Subsequently he was captured by guerillas in Missouri and tortured by burning splinters of wood, the cicatrices of which he exhibited; he escaped to Florida, where he was struck by a fragment of an exploding shell, which passed from without inward, behind the hamstring on the right leg, and remained embedded and could be plainly felt. When struck he fell and was fired on by the retiring enemy. A ball entered between the 6th and 7th ribs just beneath the apex of the heart, traversed the lungs and issued at the right 9th rib. He fired his revolver on reception of this shot, and was soon bayonetted by his own comrades by mistake, this wound also penetrating the body. He showed a depressed triangular cicatrix on the margin of the epigastrium.

If the scars are at all indicative, the bayonet must have passed through the left lobe of the liver and border of the diaphragm.

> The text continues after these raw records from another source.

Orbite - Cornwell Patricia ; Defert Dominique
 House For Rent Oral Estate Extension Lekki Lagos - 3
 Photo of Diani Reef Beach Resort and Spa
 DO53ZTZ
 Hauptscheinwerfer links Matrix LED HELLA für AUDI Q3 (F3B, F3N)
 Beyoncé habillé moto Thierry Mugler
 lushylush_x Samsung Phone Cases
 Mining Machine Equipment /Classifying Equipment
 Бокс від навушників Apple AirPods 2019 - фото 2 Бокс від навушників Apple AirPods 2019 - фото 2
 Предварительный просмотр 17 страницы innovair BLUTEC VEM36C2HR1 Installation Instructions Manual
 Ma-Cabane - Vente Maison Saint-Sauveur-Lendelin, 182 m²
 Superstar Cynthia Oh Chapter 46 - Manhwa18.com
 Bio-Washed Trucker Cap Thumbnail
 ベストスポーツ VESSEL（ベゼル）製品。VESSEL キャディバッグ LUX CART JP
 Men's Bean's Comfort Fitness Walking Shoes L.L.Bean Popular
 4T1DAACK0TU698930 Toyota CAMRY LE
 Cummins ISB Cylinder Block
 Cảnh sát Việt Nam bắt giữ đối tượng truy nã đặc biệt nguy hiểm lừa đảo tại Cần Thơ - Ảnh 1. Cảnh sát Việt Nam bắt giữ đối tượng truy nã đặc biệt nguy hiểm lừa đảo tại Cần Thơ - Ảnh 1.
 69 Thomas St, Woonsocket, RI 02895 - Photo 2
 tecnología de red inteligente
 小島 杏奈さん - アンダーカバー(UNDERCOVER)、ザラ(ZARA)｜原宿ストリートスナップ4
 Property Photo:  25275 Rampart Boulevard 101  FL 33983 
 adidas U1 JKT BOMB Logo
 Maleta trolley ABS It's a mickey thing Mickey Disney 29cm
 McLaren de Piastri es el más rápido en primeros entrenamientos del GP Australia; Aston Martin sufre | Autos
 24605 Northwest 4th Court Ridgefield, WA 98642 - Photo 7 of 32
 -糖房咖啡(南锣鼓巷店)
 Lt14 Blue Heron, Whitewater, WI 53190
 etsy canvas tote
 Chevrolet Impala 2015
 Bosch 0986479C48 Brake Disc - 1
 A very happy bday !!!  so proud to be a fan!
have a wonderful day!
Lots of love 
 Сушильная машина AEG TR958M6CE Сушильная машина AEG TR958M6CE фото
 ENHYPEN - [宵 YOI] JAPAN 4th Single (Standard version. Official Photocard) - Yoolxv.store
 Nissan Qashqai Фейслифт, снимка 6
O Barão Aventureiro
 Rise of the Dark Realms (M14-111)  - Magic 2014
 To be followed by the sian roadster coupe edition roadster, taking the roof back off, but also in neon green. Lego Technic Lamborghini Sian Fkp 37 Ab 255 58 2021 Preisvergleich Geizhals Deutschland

Finally he was struck by a pistol-ball at the lower angle of the left lower jaw, this bullet issuing on the other side of the neck. As exemplary of the easy manner in which he bore his many injuries during a somewhat protracted convalescence, it may be added that he amused his comrades by blowing jets of water through the apertures on both sides of his neck. Beside the foregoing injuries he received many minor ones, which he did not deem worthy of record or remembrance. The greatest disability he suffered at the time of applying for a pension resulted from an ankylosed knee. Not satisfied with his experience in our war, he stated to the pension examiners that he was on his way to join Garibaldi's army. This case is marvelous when we consider the proximity of several of the wounds to a vital part; the slightest deviation of position would surely have resulted in a fatal issue for this apparently charmed life. The following table shows the man's injuries in the order of their reception:--(1) Sabre-cut across the quadriceps femoris of right leg, dividing the tendinous and muscular structures.

(2) Sabre-thrust between the bones in the middle third of the right forearm.

(3) Shot in the right thigh, the ball passing through the middle third.

(4) A sword-cut across the spinal muscles covering the lower dorsal vertebrae.

(5) Tortured by guerillas in Indian fashion by having burning splinters of wood applied to the surface of his right thorax.